Marine National Park - Bhuj

We drove just under 50kms to Marine National Park, arriving shortly after first light and headed out to the beach. Ahh the beach…. Mangroves – sort of…. And Crab Plovers, everywhere. Littered along the tideline which was still a long way out was a thin white line shimmering in the early morning sunshine. The tide is very shallow here and pretty soon the water was rushing in rather quickly and we eventually had very good views of several close Crab Plovers, and in particular an adult and immature we watched for quite some time. 

Crab Plover - one of the birds of the trip

This was a major target for several of the group and we lapped up the views. The majority of plovers were much further out and a quick count revealed at least 1600 of them! Wow! But there were numerous others birds around such as Eurasian Curlew, Whimbrel, Greater and Lesser Sandplovers, lots of Terek Sandpipers, Ruddy Turnstone etc. Some Lesser Crested Terns were loafing on the rocks, Gull-billed Terns constantly flew by, Steppe and Heuglin’s Gulls were in the distance, and just as we were leaving a couple of Pallas’s Gulls appeared with one bird flying right past us. 

Gull-billed Tern

Pallas's Gull

As we had another long drive we didn’t want to linger too long and returned to the coach, seeing a flyover Streak-throated Swallow and a Clamorous Reed Warbler in the bushes, as well as flocks of Rose-coloured Starlings. Oh and I’ve never seen so many Western Reef Herons in one spot before. 

Western Reef Heron

Driving out, a pair of Dalmatian Pelicans were close, along with another Red-necked Phalarope, some Black-necked Grebes, more Slender-billed Gulls and finally a Great Crested Grebe. And then we were off on the 7 hour drive to Bhuj.

We arrived at the Kutch Wilderness Camp around 4pm and after a welcome drink we had a walk around the area. This new lodge is sat on a ridge overlooking a large lake where we saw Western Osprey, both White and Dalmatian Pelicans, a flock of Greater Flamingo, Painted Stork, River Tern, and Great Thick-knee.
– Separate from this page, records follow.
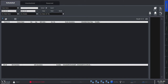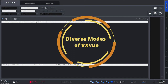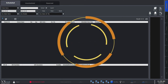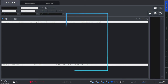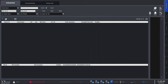Welcome back to VueWorks VXVue Quick Guide. Today's video will be on introducing different modes other than for human application. VXVue supports different modes and functions to respond to diverse user needs depending on your application, such as veterinary or vehicle application. Kiosk and touch modes are available for all applications or VXVue modes. VXVue supports a total of 9 languages and you can customize the language if necessary.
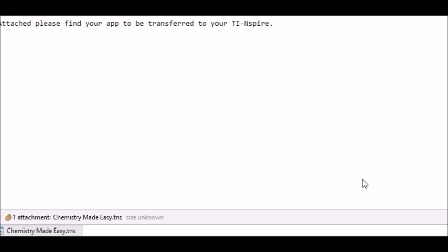Hi, let me show you how to transfer an app to the TI Inspire. You receive it as an email, and then you...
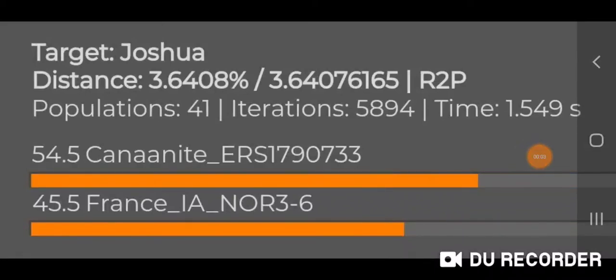Hey guys, I wanted to tell you about a cool new feature in Vaha Duo for Global 25 and GEDmatch. What it does is it allows you to, in the EnMonte calculator, reduce the populations with the options from seven populations all the way down to two populations. I wanted to share my results, which I thought were kind of interesting, since I'm an Ashkenazi Jew.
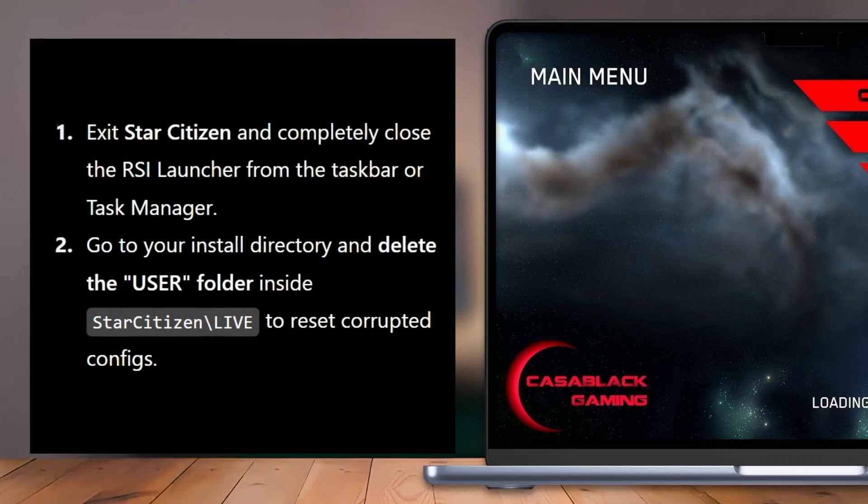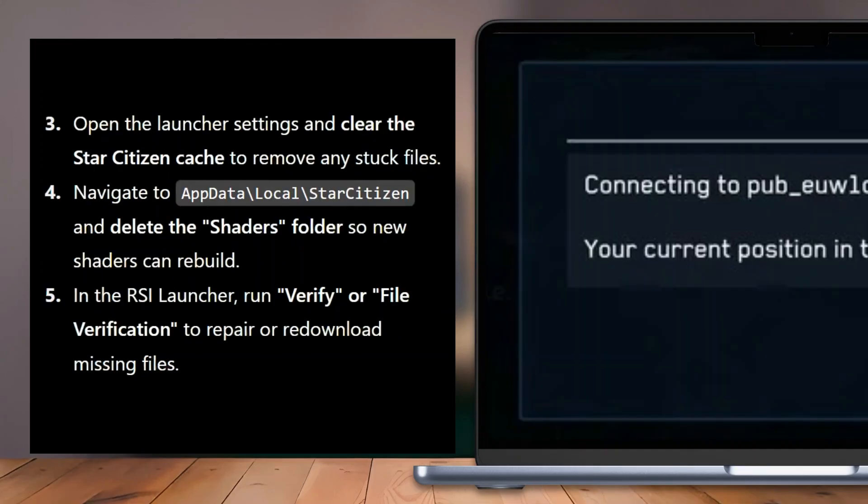First, exit Star Citizen and completely close the RSI launcher from the taskbar or task manager. Then go to your install directory and delete the user folder inside Star Citizen slash live to reset corrupted configs.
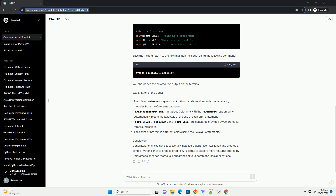Step 2: Update PIP (optional). It's a good practice to ensure that PIP, the Python package installer, is up to date. Run the following command to upgrade PIP to the latest version.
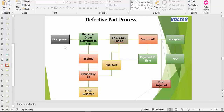Once SR approves, then it comes for the defective chalan. SR approved, then we generate the defective order. It doesn't mean it is settled - now the order is generated. Now it goes to create the chalan. It may be that you create the chalan or it may not be you who creates the chalan.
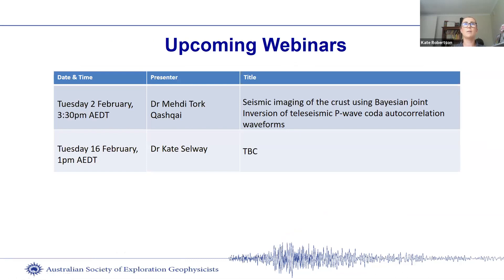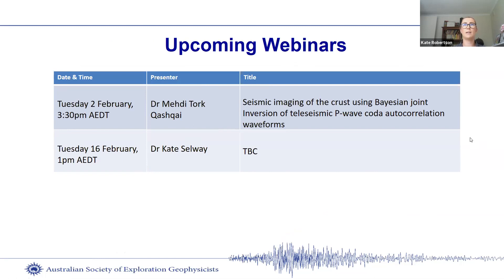We've got a couple of upcoming webinars in the next few weeks. On the 2nd of February, which is next Tuesday, we have Dr. Mehdi Tork Kashkai, who will be talking about seismic imaging of the crust using Bayesian joint inversion of tele-seismic P-wave coder autocorrelation waveforms. And then on the 16th of February in the afternoon, we have a talk by Dr. Kate Selway, and more information about that will be out to your email shortly or on the ASCG website.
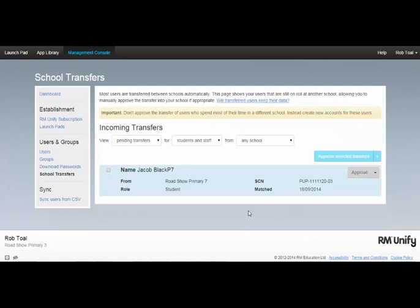If my school is the only school that Jacob should be enrolled in, I should click the Approve button and his account will automatically be transferred to my school.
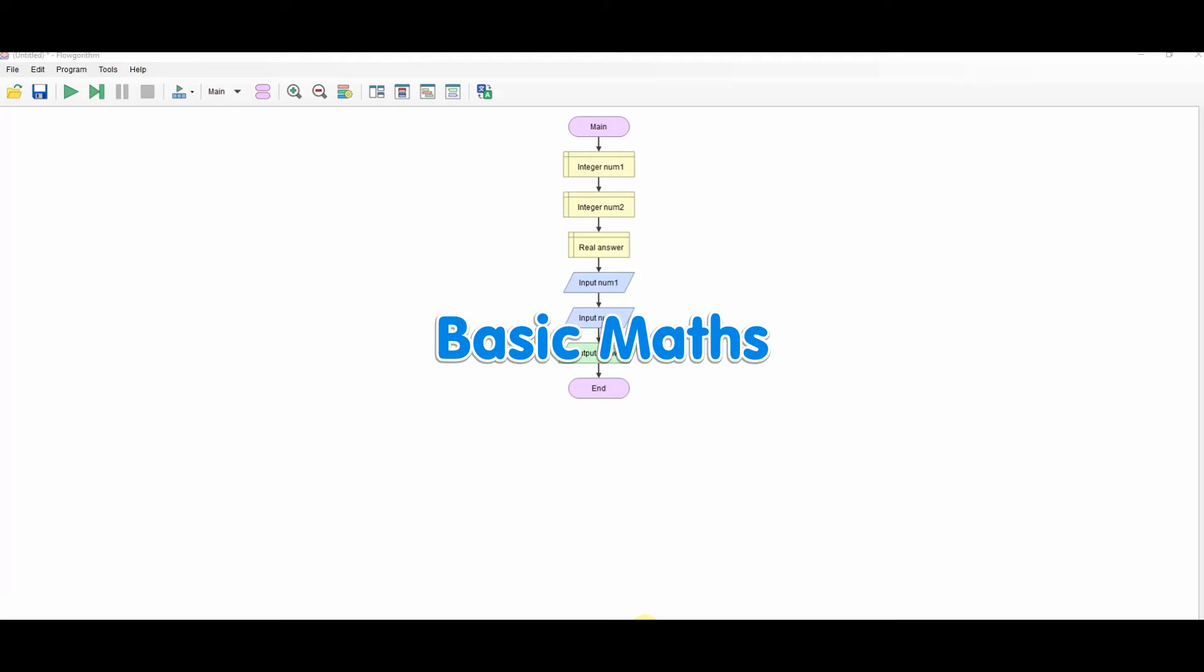This is a quick demonstration on doing basic maths using Flowgorithm. I've got my two numbers declared. I've used the answer one as a real so I can use floating point.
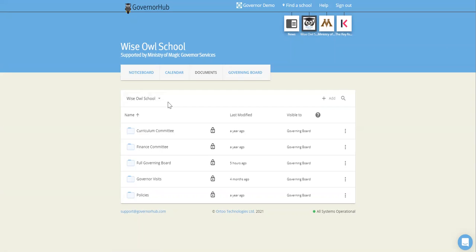This is the documents area. Each board gets its own document storage area. Now it's up to you how you organize it. We do have a recommended way of organizing it, which is having a top level folder for each committee or board.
A short walk along the lanes through acacia scrub produced Variable Wheatear, Jungle Prinia, Eastern Orphean Warbler, a Bluethroat and Paddyfield Warbler at a small reedy marsh, and finally a Streaked Weaver.

Monday, 30 January 2017

Gir - Jamnagar

We left Gir Birding Lodge at 7.45am and eventually arrived in downtown Jamnagar at 1.30pm. Along the way we made a few stops to check out some interesting sites and saw Grey-headed Wagtail (thunbergi), Little Ringed Plover, Red-naped Ibis, flocks of Common Cranes flying over and all the usual roadside birds.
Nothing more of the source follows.